Exercise details: In the listing that follows, give every line again exactly and omit the pictures.

Recorded data:
▶

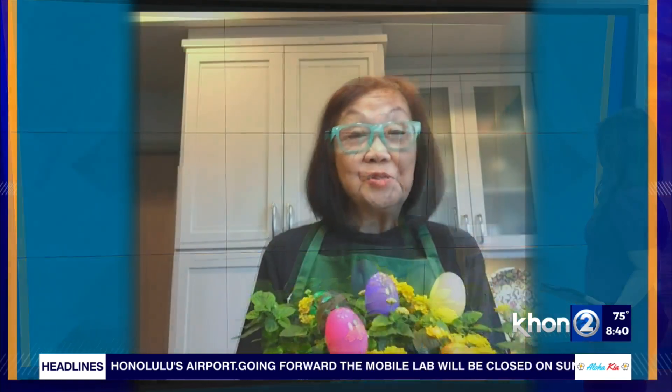I love how spring brings so many colors to play with, so you can create your own Easter arrangement. I'm going to show you two planters that you can use for your Easter table or just use as gifts.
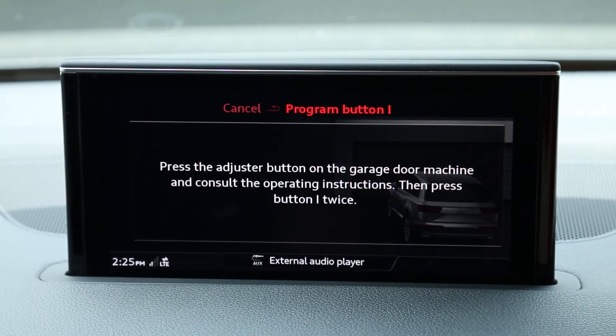If your garage door is not moving, you have a rolling code device and you have a few more steps to complete. Select No from the prompt.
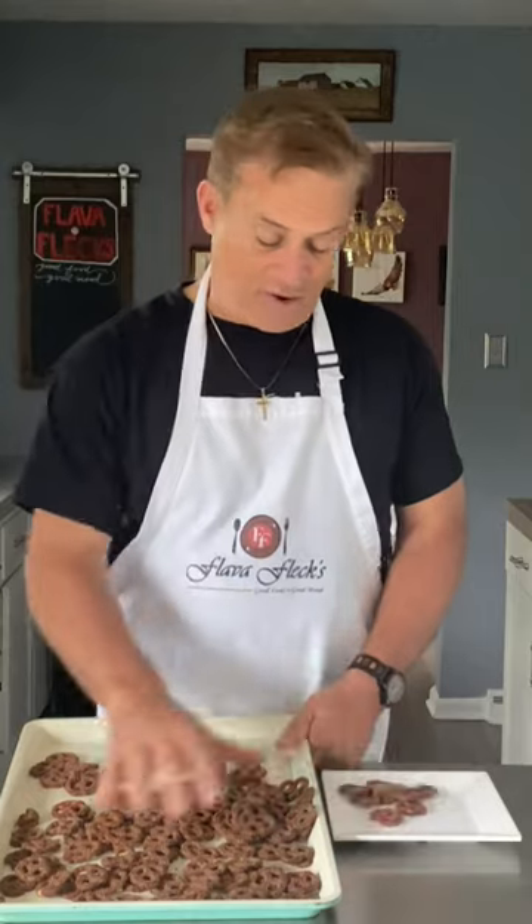Now add onto a baking pan. Spread them into an even layer. Now into an oven at 350 degrees for 10 minutes, and get them on a plate.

◀

Response below:
I love how spring brings so many colors to play with, so you can create your own Easter arrangement. I'm going to show you two planters that you can use for your Easter table or just use as gifts.
If your garage door is not moving, you have a rolling code device and you have a few more steps to complete. Select No from the prompt.
Now add onto a baking pan. Spread them into an even layer. Now into an oven at 350 degrees for 10 minutes, and get them on a plate.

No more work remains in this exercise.